Deutschland war schon immer für seine hervorragenden Weißweine bekannt: leicht süß, alkoholarm, aber immer von hoher Qualität. In den letzten Jahren bevorzugten Weintrinker jedoch eher trockenere Weine. Der deutsche Markt hat sich daher entwickelt, um jedem Geschmack gerecht zu werden, mit einigen großartigen trockenen Rieslingen und anderen Weißweinsorten wie Weißburgunder, Gewürztraminer und Grauburgunder. Wärmere Sommer und mildere Winter haben auch Rosé- und Rotweine begünstigt, wobei Spätburgunder die dritthäufigst angebaute Rebsorte des Landes ist. Treffen Sie Ihre Wahl, von traditionellen Rieslingen bis hin zu großen Rotweinen, das Angebot ist breit und wird immer breiter.

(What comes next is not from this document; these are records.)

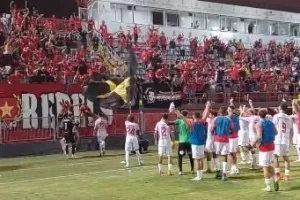 Ερυθρόλευκες... καλημέρες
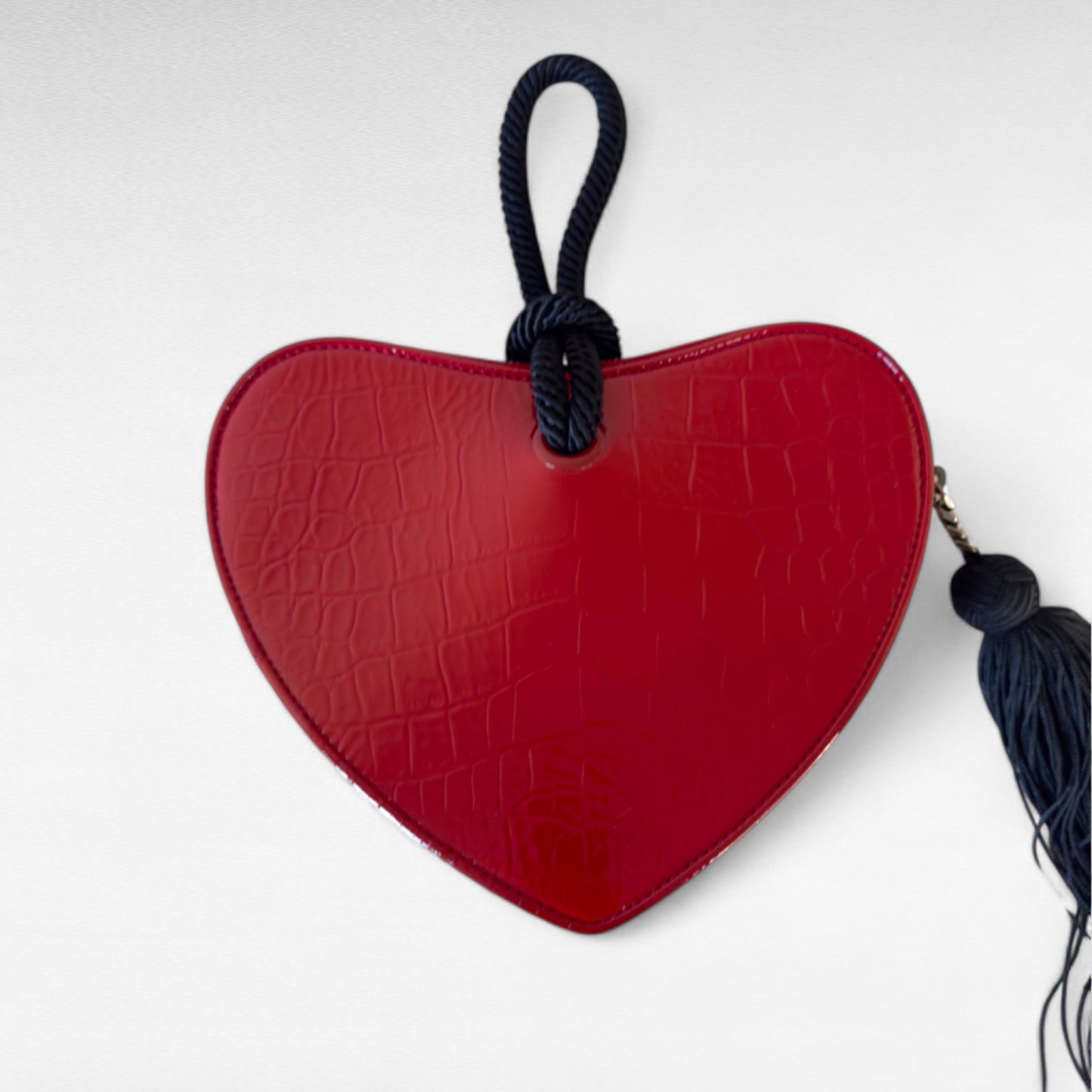 saint laurent : heart clutch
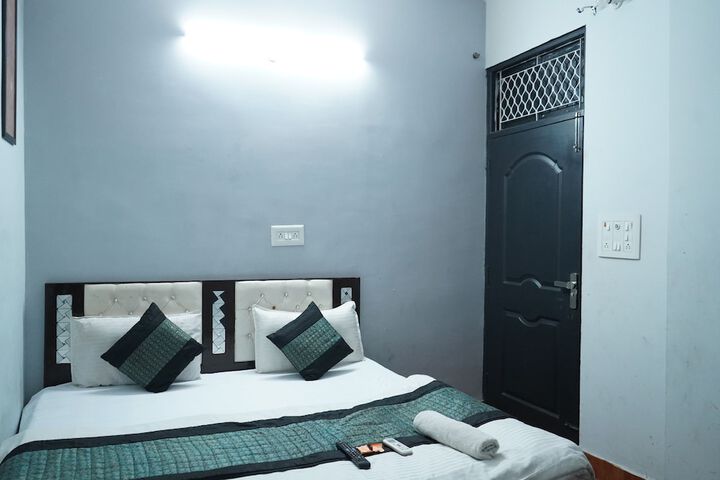 Room 3 of 6
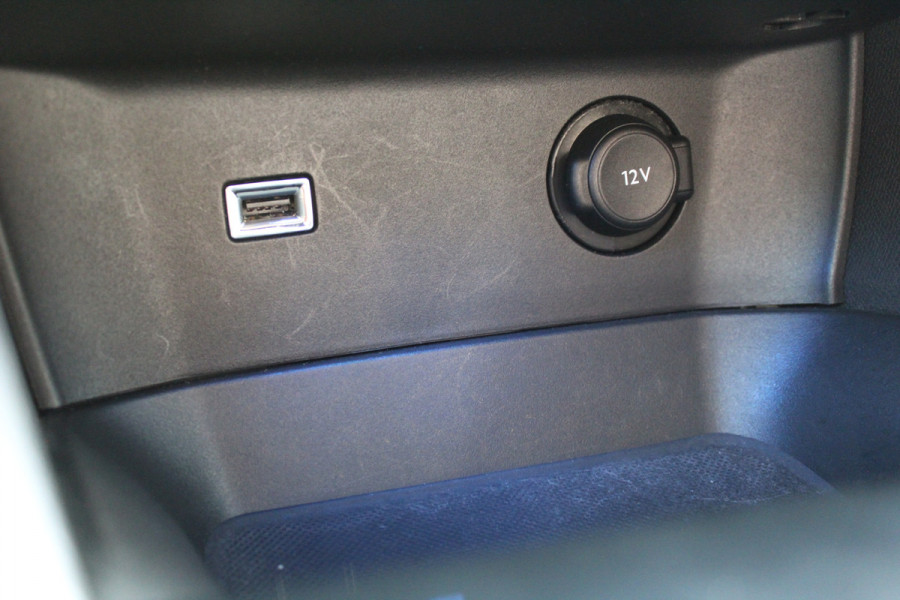 Peugeot 3008 1.6 PureTech 181PK GT Line | Dealer Onderhouden | BLIS | Bluetooth | Camera | Carplay
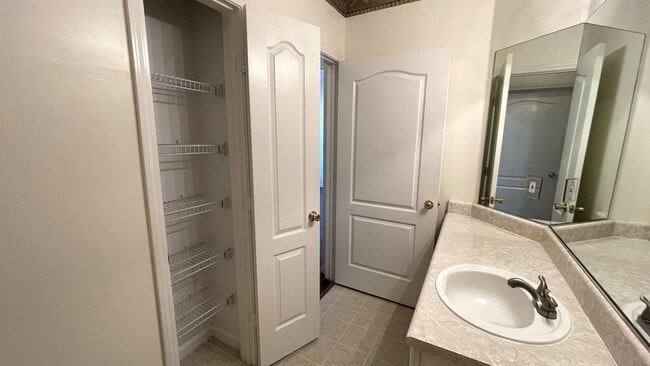 Building Photo - 17952 Villa Creek Dr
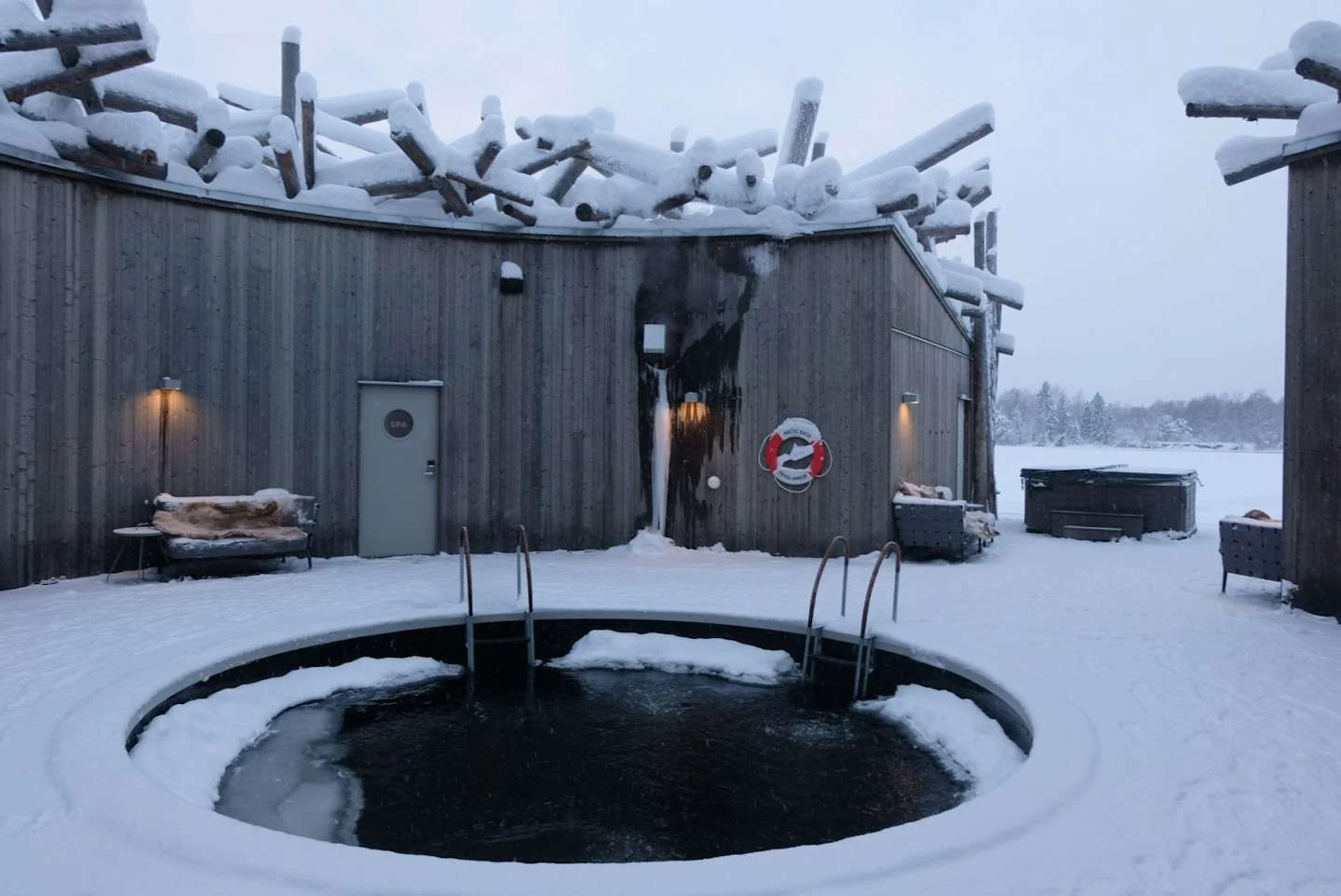 暮色雪地中的露天浴池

Die deutsche Weinindustrie hat im 20. Jahrhundert qualitativ Federn gelassen, indem sie die Anbauflächen auf weniger günstige Standorte ausdehnte und die Erträge auf ein Niveau erhöhte, bei dem die Qualität stark beeinträchtigt wurde. Die größten deutschen Weinproduzenten waren jedoch nie ganz verloren, und seit dem Ende des 20. Jahrhunderts wurden erhebliche Anstrengungen unternommen, um Deutschlands einstigen Ruhm wiederherzustellen. Die Erträge sind heute gesetzlich begrenzt, und viele führende Produzenten haben sich zusammengeschlossen, um die VDP-Vereinigung zu bilden (siehe deutsche Weinetiketten). Die Mitglieder der VDP-Vereinigung sind verpflichtet, ihre Anstrengungen auf Qualität statt auf Quantität zu konzentrieren.
Was das Volumen angeht, gehört Deutschland zu den zehn größten Weinproduzenten der Welt. Etwas mehr als 60 % des produzierten Weins sind Weißweine, und es wird weithin anerkannt, dass die Weißweine der besten Lagen und der renommiertesten Produzenten Deutschlands zu den größten der Welt gehören. Die Rotweine Deutschlands gewinnen ebenfalls an Popularität und Qualität, insbesondere die des Spätburgunders, dem lokalen Namen für Pinot Noir. Die zweitbeliebteste rote Rebsorte (zumindest was die Anbaufläche betrifft) ist der Dornfelder.